Boyce and Hart were their producers and songwriters at the time and arranged a number of session musicians to play on the record, including Wayne Erwin on guitar (who also did backing vocals), Larry Taylor on bass and Billy Lewis on drums, also featuring a flute solo made by Ethmer Roten.

This version was aired during an episode of the first season of the series, "Monkees in Manhattan". In an episode part that shows a musical performance of the group, it features Jones (frontman) on drums, Tork (bassist) playing lead guitar, Michael Nesmith (guitarist) on bass and Dolenz (drummer) fronting the group.

Second version 
After they achieved their independence to record their own music, the Monkees re-recorded the song, now with the involvement of Monkees guitarist Nesmith and produced by Chip Douglas. The group now played on the record, with only the help of Douglas on bass and Eddie Hoh on drums.

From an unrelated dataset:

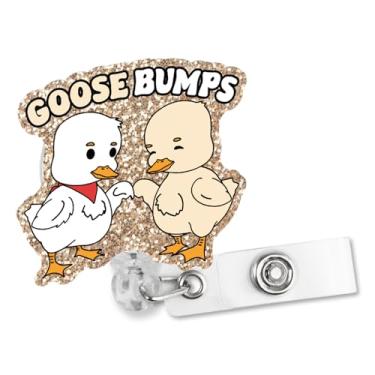 Imagem de Sixrip Goose Bumps Carretel retrátil de glitter com clipe jacaré, suporte engraçado para crachá de ganso para enfermeira, estudante, assistente médico, amante de ganso, presentes de aniversário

There are few differences between the first and the second version, with the best noted being Peter Tork's Hammond organ's solo in place of Ethmer Roten's flute.

Release 
The song was released as the B-side of "Pleasant Valley Sunday" in 1967, that peaked at No. 3 on the Billboard Hot 100 charts. "Words" also charted on its own right, peaking at No. 11 in September 2. The single (second) version was used in rebroadcast of the episodes "Monkees in a Ghost Town" and "Monkees Chow Mein" in the first season of the Monkees TV show; then used in the second season episodes "Monkees in Texas" and "Monkees' Paw" while the original version was used in the episode "Monkees in Manhattan".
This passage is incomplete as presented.